Work order:
Look below for the line that has "West 80 Acres"; output exactly from it through the line that has "Dahlia Nuit D'Été (1 Bulb)", and leave the pictures out.

Source material:

..............................

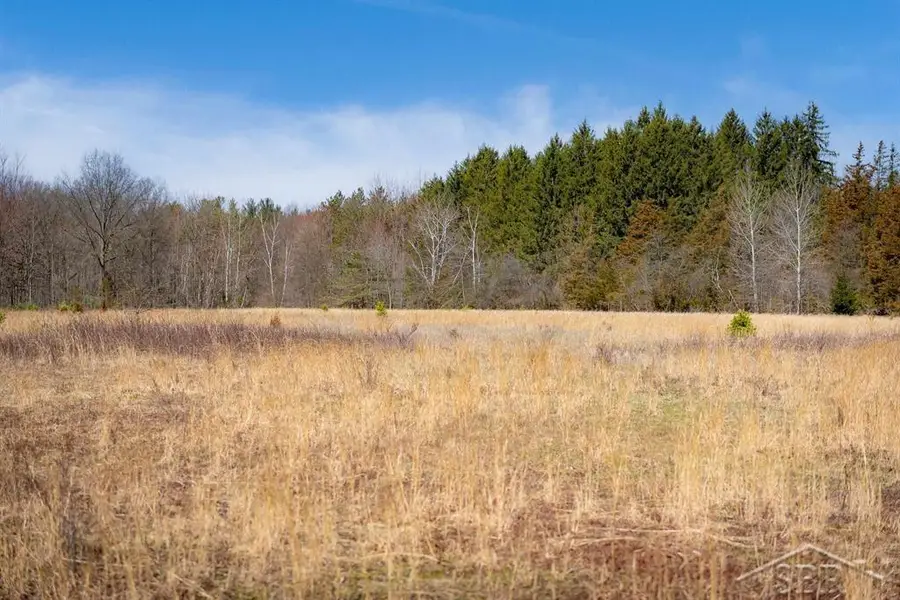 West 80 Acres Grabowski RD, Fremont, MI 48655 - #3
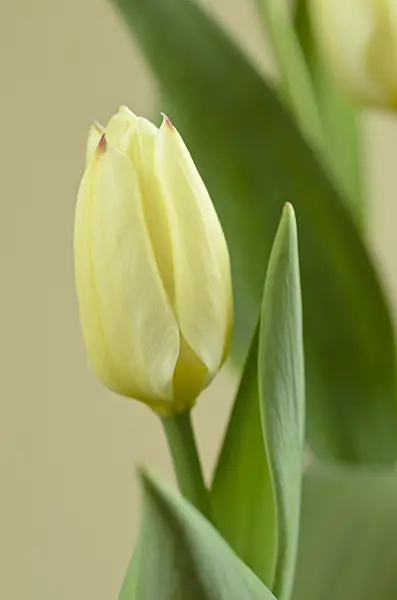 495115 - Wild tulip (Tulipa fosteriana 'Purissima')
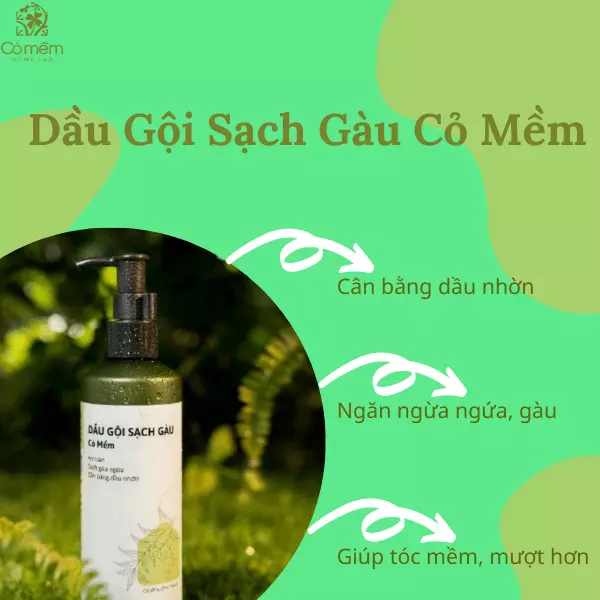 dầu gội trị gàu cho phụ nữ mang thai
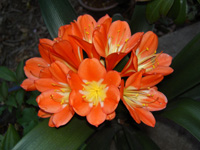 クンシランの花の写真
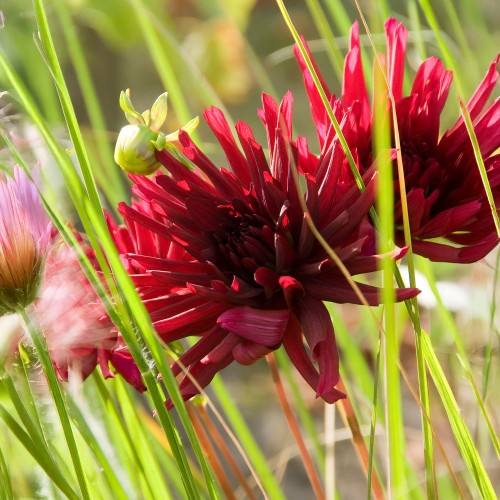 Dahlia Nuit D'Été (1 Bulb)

..............................

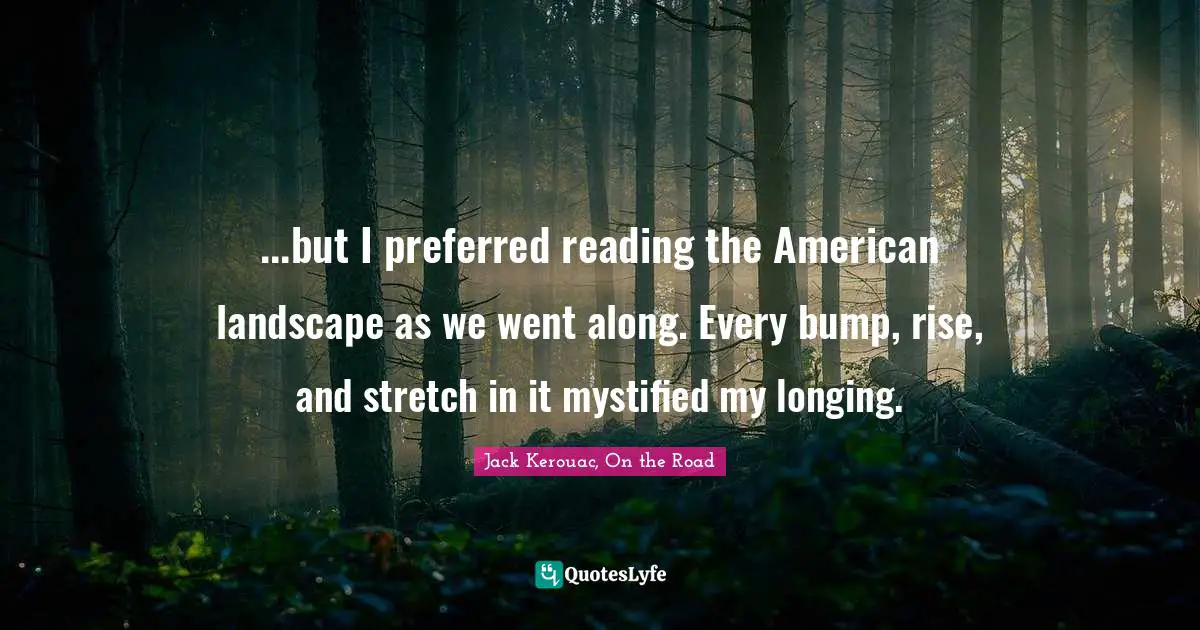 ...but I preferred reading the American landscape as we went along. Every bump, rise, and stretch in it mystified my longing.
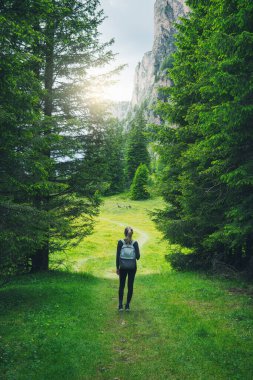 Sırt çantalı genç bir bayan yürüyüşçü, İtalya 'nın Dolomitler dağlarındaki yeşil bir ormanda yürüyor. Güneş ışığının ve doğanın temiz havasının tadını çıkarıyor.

..............................

Solved problem:
 West 80 Acres Grabowski RD, Fremont, MI 48655 - #3
 495115 - Wild tulip (Tulipa fosteriana 'Purissima')
 dầu gội trị gàu cho phụ nữ mang thai
 クンシランの花の写真
 Dahlia Nuit D'Été (1 Bulb)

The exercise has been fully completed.